Benchmarking OpenGL Geometry Performance: A Practical Guide

How to Build an OpenGL Geometry Benchmark — Tests, Metrics, and ResultsBuilding a robust OpenGL geometry benchmark lets you measure how efficiently a GPU and driver handle geometric workloads: vertex processing, tessellation, culling, draw submission, and the throughput of vertex/index buffers.
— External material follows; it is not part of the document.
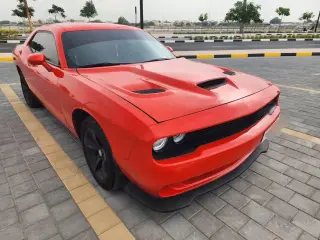 2018 Dodge Challenger in Dubai used car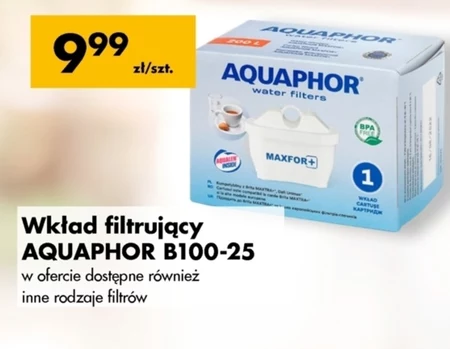 Фільтруюча вставка Aquaphor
This guide walks through goals, test design, implementation details, metrics to collect, how to run experiments consistently, and how to present and interpret results.


Goals and scope

  • Primary goal: measure geometry-stage performance (vertex fetch, vertex shading, primitive assembly, tessellation, culling) independently of fragment-heavy workloads.
  • Secondary goals: compare drivers/GPU architectures, evaluate effects of API usage patterns (draw calls, instancing, buffer usage), and reveal bottlenecks (CPU submission, memory bandwidth, shader ALU limits).
  • Scope decisions: test only OpenGL (up to a target version, e.g., 4.6), include tessellation and indirect/compute-driven draws optionally, and avoid heavy fragment shaders or high-resolution render targets that shift bottleneck to rasterization.

High-level test types

Design multiple complementary tests to isolate different subsystems:

  1. Microbenchmarks — isolate single behaviors:
    • Vertex fetch throughput: large vertex buffers, simple passthrough vertex shader.
    • Attribute count/stride tests: varying vertex formats (position only → many attributes).
    • Index buffer vs non-indexed draws.
    • Draw call overhead: many small draws vs few large draws.
    • Instancing: single mesh drawn with many instances.
  2. Tessellation tests — vary tessellation levels and evaluation shader complexity to stress tessellation control/eval stages.
  3. Culling & CPU-bound tests — perform CPU frustum culling or software LOD selection to measure CPU vs GPU balance.
  4. Real-world scene tests — a few representative geometry-heavy scenes (city, vegetation, meshes with high vertex counts) to measure practical performance.
  5. Stress tests — extreme counts of vertices/primitives to find throughput limits and driver/hardware failure points.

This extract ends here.